Per [rfd223], the web console is built as a static JS bundle served by Nexus. This means that it makes API requests directly from the browser. This RFD is about how we authenticate those requests. [owasp-session] is an excellent resource and is well worth reading for background. The determinations below largely represent things that have already been implemented in Nexus at the time of this revision.
In order to authenticate requests from the Console running in the user’s browser, Nexus must accept session cookies as an authentication method. The value of the cookie is a simple random string (see [owasp-session]) that points to at most one row in a sessions table. A session row contains a user ID foreign key. If a request comes in with a session cookie that points to a session in the DB that is not expired, the user is authenticated and identified as themselves.
Details in [security] section below.
SameSite=Lax, expiration time, don’t explicitly set a domain.
Mitigate CSRF with
SameSite=Lax + no mutations in GET requests (which we’re already doing). Due to browser support and subdomain weakness, combine with session-scoped CSRF token. Put token in HTML response (or non-
HttpOnly cookie) and have API requests send it back in a custom header. Custom header with arbitrary placeholder value (no token) may actually be sufficient due to browser restrictions on custom headers from other sites.
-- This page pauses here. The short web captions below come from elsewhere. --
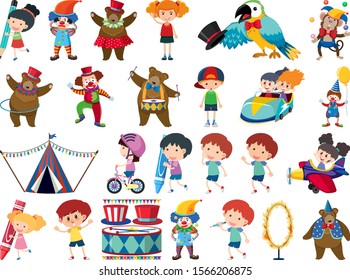 Large set of isolated objects of kids and circus illustration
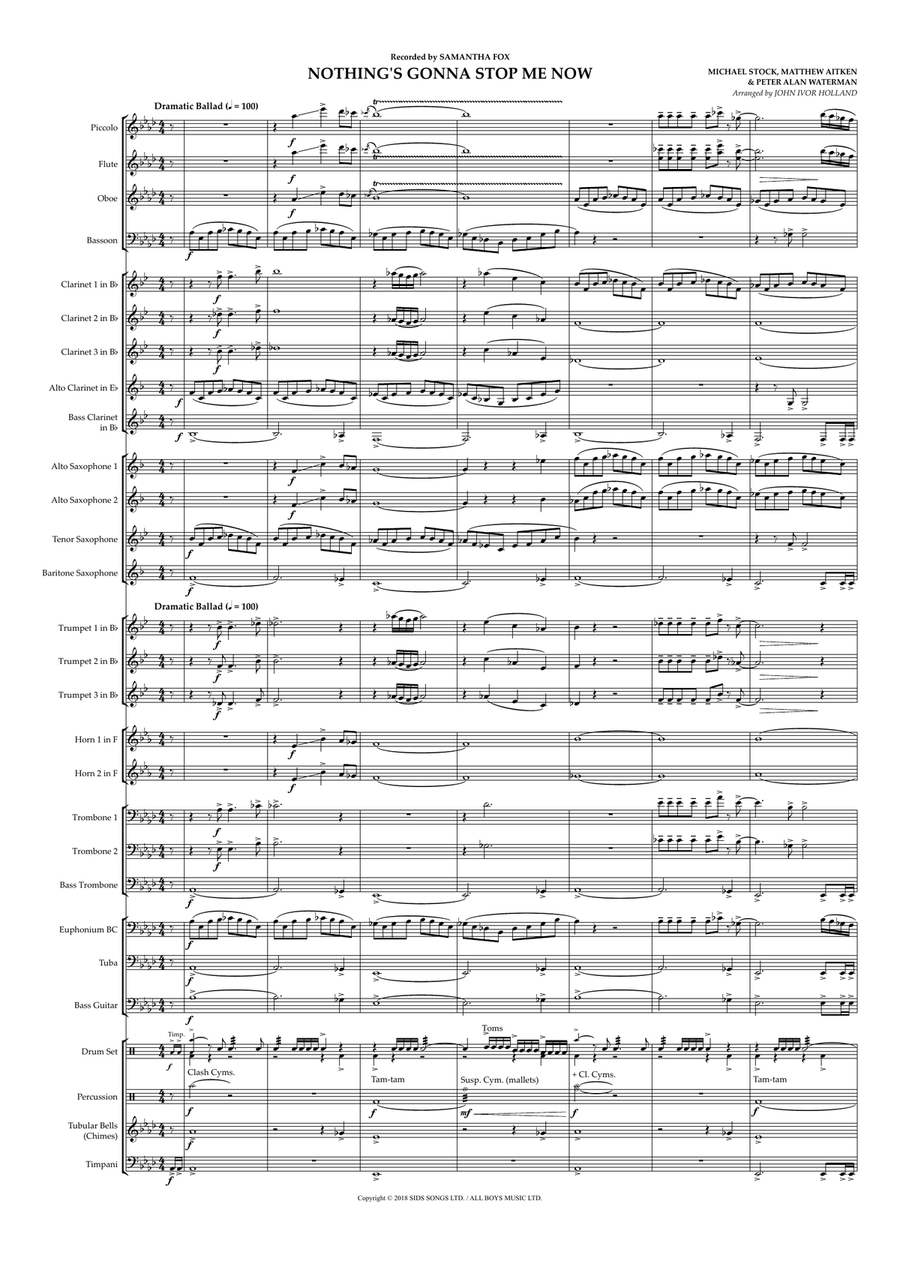 Nothing's Gonna Stop Me Now Concert Band scores gallery preview page 1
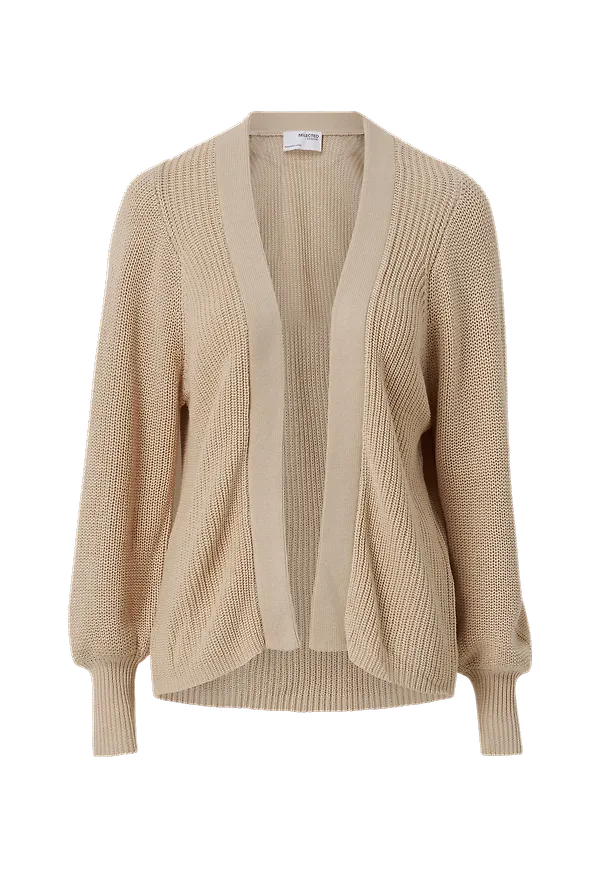 Selected FEMME - Cardigan slfEmmy LS Knit Cardigan - Natur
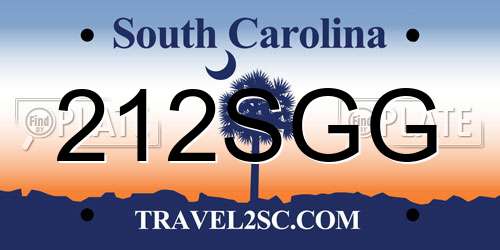 212SGG South Carolina License Plate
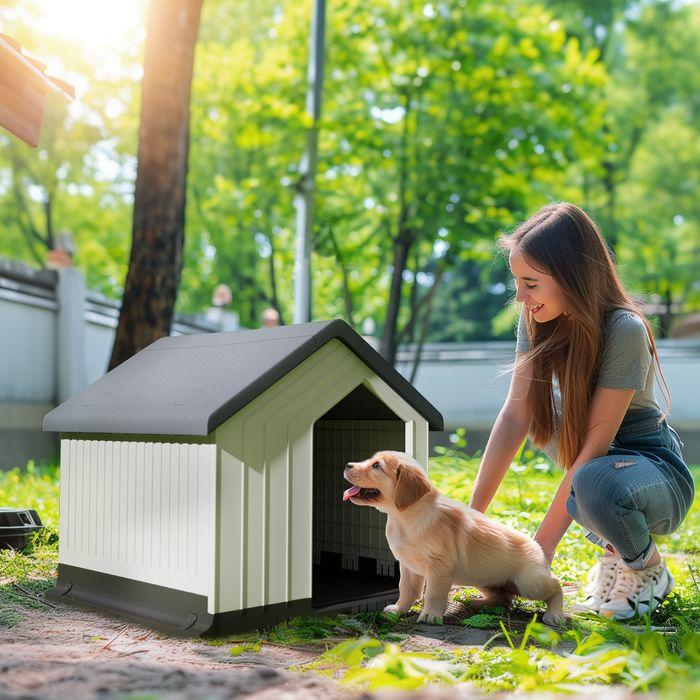Immagine prodotto Swisshandel24 Cuccia per cani, resistente alle intemperie, con finestra e porta, per cani di piccola taglia fino (Cuccia per cani)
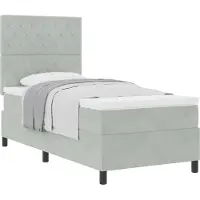 Syfax Boxspringbett mit Matratze Hellgrau 90 x 200 cm Samt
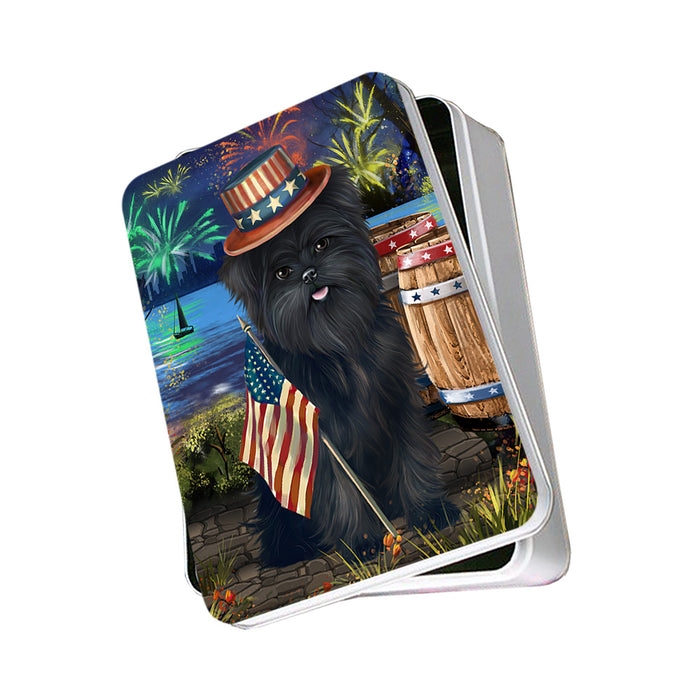 4th of July Independence Day Fireworks Affenpinscher Dog at the Lake Photo Storage Tin PITN50900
If the session is expired or nonexistent, Nexus’s response depends on whether the request is an API request or a console route request. For API requests, we respond with a 401 and the client decides what to do with that (in most cases we will likely redirect to a login page). But for console pages, we will want to return a redirect directly to the customer’s auth provider as indicated in the login flow diagram below.
As recommended in [owasp-session], there are two different TTLs that can cause a session to expire: an idle timeout and an absolute timeout. Precise numbers for these do not need to be determined here. They are configurable in Nexus.
Idle timeout is meant to be short, on the order of 30 minutes or an hour. Idle time is measured since the last successful use of the session. If the user does not do anything to trigger an authenticated request for the length of the idle timeout, the session expires. Upon successful use of a session cookie for authentication, the time of last use for that session is updated to
now in the database.
Absolute timeout is a bound on the total lifetime of a session, so it is measured from the time of session creation rather than time of last use. If a request comes in and time created was longer ago than the absolute timeout, the session is considered expired. It limits how long a session can be extended for. It is meant to be longer than the idle timeout.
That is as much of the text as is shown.